Out of The Flames

Throughout Dracula people are getting bitten and turning into Vampires. It is a constant unending chain, that seemingly can’t be stopped. Then, at the end of the novel the chain is broken when they kill Dracula. In the process Morris is killed, in turn, he is remembered through Mina and Johnathan’s’ baby whom they named Quincey, who also happened to be born on the same day Morris was killed. This represents the theme of rebirth in the novel. This can be most clearly seen in Jonathan Harker’s final note at the end of the novel. 

 

Seven years ago we all went through the flames; and the happiness of some of us since then is, we think, well worth the pain we endured. It is an added joy to Mina and to me that our boy’s birthday is the same day as that on which Quincey Morris died. His mother holds, I know, the secret belief that some of our brave friend’s spirit has passed into him. His bundle of names links all our little band of men together; but we call him Quincey. In the summer of this year we made a journey to Transylvania, and went over the old ground which was, and is, to us so full of vivid and terrible memories. It was almost impossible to believe that the things which we had seen with our own eyes and heard with our own ears were living truths. Every trace of all that had been was blotted out(Stoker 402). 

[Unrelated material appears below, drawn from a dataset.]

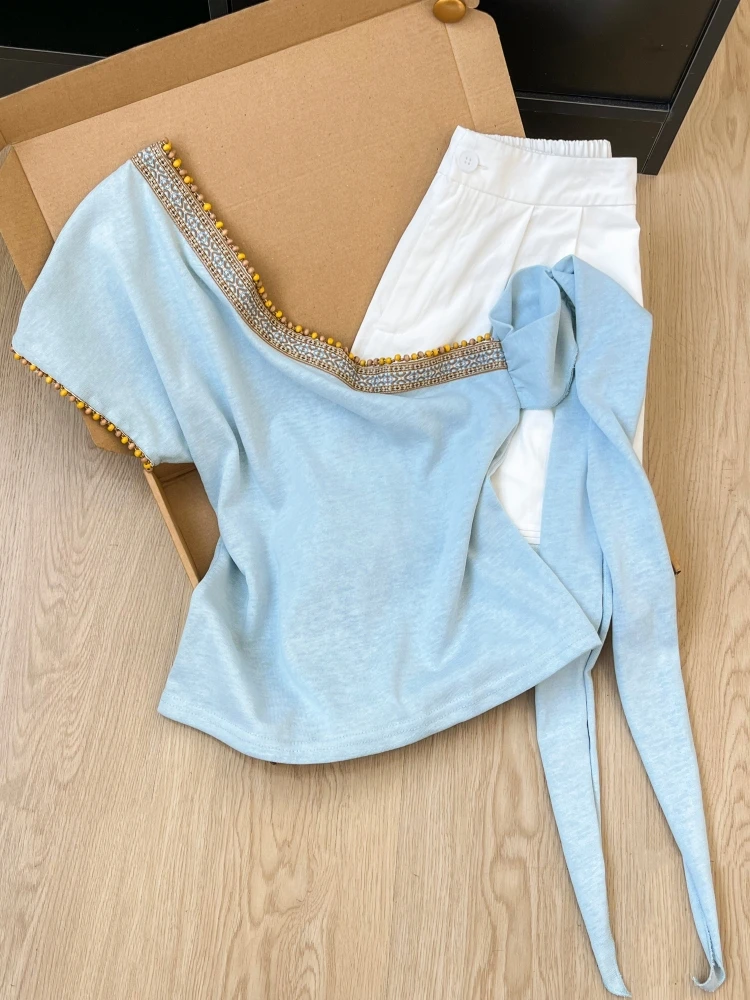 Blue Beaded Shoulder T-Shirt Women's Summer Style Sexy Slim Fit Short Sleeve Top Korean Version Commute Style Pure Color
Blue Beaded Shoulder T-Shirt Women's Summer Style Sexy Slim Fit Short Sleeve Top Korean Version Commute Style Pure Color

The passage starts off with the line, “Seven years ago we all went through the flames.” This is already the first representation of the theme of rebirth in this passage. Flames are often associated with rebirth because of the Phoenix, who at the end of its life sets itself on fire so a young Phoenix can rise from its ashes. For them to have this child they all needed to go through the flames, meaning they needed to suffer. The next line shows how this suffering gave them a rebirth, “and the happiness of some of us since then is, we think, well worth the pain we endured.” This shows that through the suffering or ‘flames’ they were able to gain rebirth which is a new life that is free of Dracula. The next line states that Mina and Jonathan’s child was born on the same day as the day Morris died. Suggesting that Quincy, their kid, might even be a reincarnation of Morris, this is the most literal example of rebirth in this quote. The end of the quote goes like this, “In the summer of this year we made a journey to Transylvania, and went over the old ground which was, and is, to us so full of vivid and terrible memories. It was almost impossible to believe that the things which we had seen with our own eyes and heard with our own ears were living truths. Every trace of all that had been was blotted out. The castle stood as before, reared high above a waste of desolation.” Jonathan and Mina went back to Transylvania and revisited all the places they had been. Why would they go back and be reminded of such terrible memories? The answer probably lies in the human desire to see a place they associate with chaos and evil rebirth as a place set free from that evil, or rebirth. In the next sentence Jonathan writes, “It was almost impossible to believe that the things which we had seen with our own eyes and heard with our own ears were living truths. Every trace of all that had been was blotted out.”  Even though this place is associated in their minds with the place their best friend had been murdered, he acknowledges that despite that experience it felt as if nothing had happened there, “Every trace of all that had been was blotted out.” This shows us that even the most terrible things can experience a rebirth.  

It is also important to take note of what Bram Stoker is saying about rebirth. For most of the novel rebirth is shown in an evil light, vampires live long past regular humans and they spread their misfortune to others who then are rebirthed as vampires. Yet, at the end rebirth is portrayed in a positive light through Jonathan and Mina’s child, Quincey. This could be a comment by Stoker on the obsession with death in the Victorian era and the desire to live longer, which caused some people to seek out unnatural methods to elongate their life. By showing that when you allow life to take its course there is rebirth but in a much more metaphorical and spiritual way, and that is the next generation.